ロルフィングから学べること

私自身がロルフィングを受けたのは約12年前です。一番役に立ったと思われるのは、その考え方に接し、学べることだったと思います。
自分の身体で立つということは、大地(=地球)も同じように自分を支えてくれていることを理解したり、それを通じて自信を得たり、さまざまな感覚を使うことで色々な意味で目を見開かれ、視点や自分自身が広がっていく感覚でした。

身体のある特定の部分に痛みがあっても、それだけを治そうとしていても、また治ることを期待してもまず難しいです。多くの人は他者に助言を求めたり、インターネットで治る方法を探し有名な医者を探したり、お金をかけ高額なサプリメントや治療を試したりしています。世の中は「介護に病気にお金がかかります」、「老後は〇〇〇〇万円必要です」、とそこらじゅう宣伝するし、不安も必要以上に煽られています。しかし、未来を不安がり将来を考えすぎてもキリがありません。

健康にとって一番大事なのは何でしょうか?健康に明け暮れる人、逆に自分を顧みず不健康な生活を送っている人もそれぞれですが、現状や自分の幸せと将来のバランスを考えてほしいです。

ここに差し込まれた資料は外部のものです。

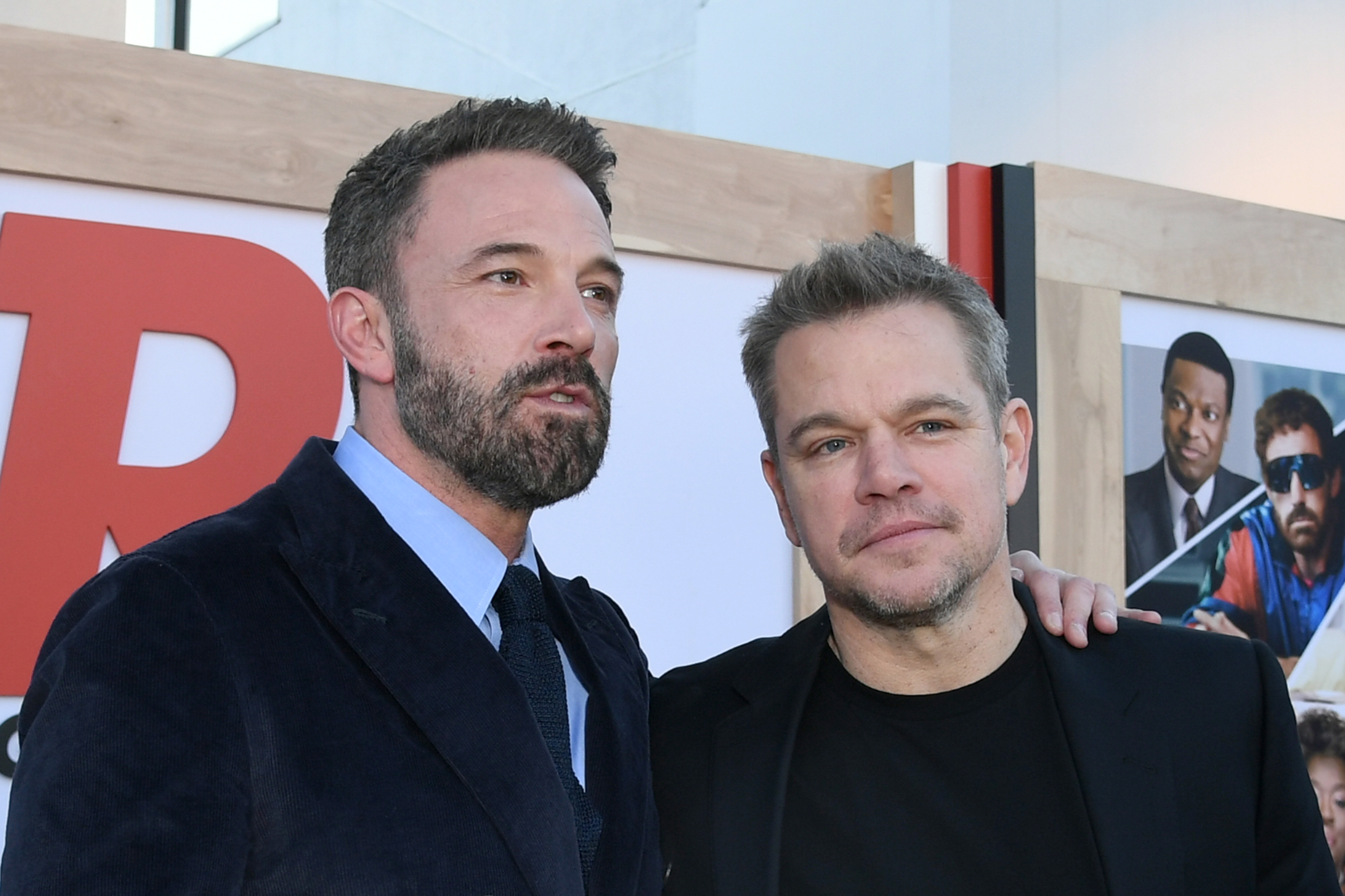 Ben Affleck and Matt Damon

修行のように健康だけを考え、他者も許せなくなってしまい自分が狭くなっていく経験をしたこともある私としては、ロルフィングの考え方に救われました。今の私にとって大事なことは、自分の体がどのような状況であろうと、「大丈夫である」とポジティブに考え、周りの情報を鵜呑みにせず、自分の体に目を向けることです。私は、ロルフィングで、自分の身体の重さを感じたり、力を抜いたりして、自分の体に意識をむけ観察することにより、体をいたわる慈しむことを学びました。不健康な生活ほど欲求が満たされることも知っています。でも不健康な生活を続けるためには体や心が元気であり続ける必要があることも助言しておきます。数値化できない、小さく見える良質な経験や正しい感覚を積み重なることで、年齢を重ねていくうちに大きな意味につながっていくのです。

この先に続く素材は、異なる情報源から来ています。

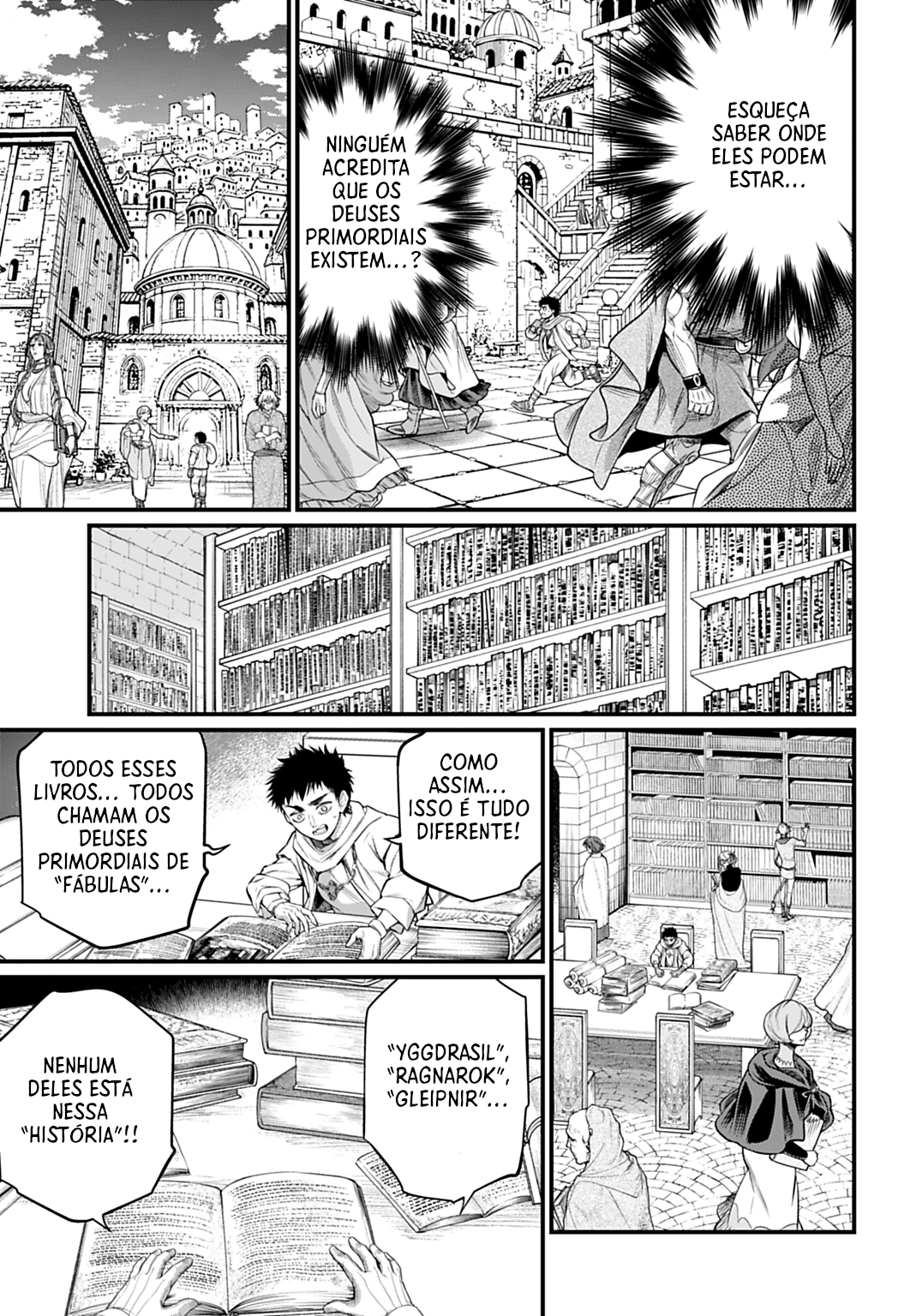 Read Shuumatsu no Valkyrie Pt Manga Online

病気や身体が動かなかったり、痛みがあることは不安で辛いことですが、心が負けないようにポジティブに思いやりや日々の小さな幸せを感じながら生きるのが良いのではないでしょうか。体を健康体に治すという気持ちにだけ集中すると、完璧に戻るまでに納得ができなくなります。
お金をかけて、高い治療を受け、健康になる努力をしても、家族や周りとの間に愛や理解がなかったりするのは悲しいことです。そういう意味で、ロルフィングを受けるのも、治してもらうという受動的態度で常にいるのではなく、自分の一番大事なものは何かをはっきりさせ、自分がそこから何が学べるかというのをよく考えながら、受けていただけるのがいいのではないでしょうか。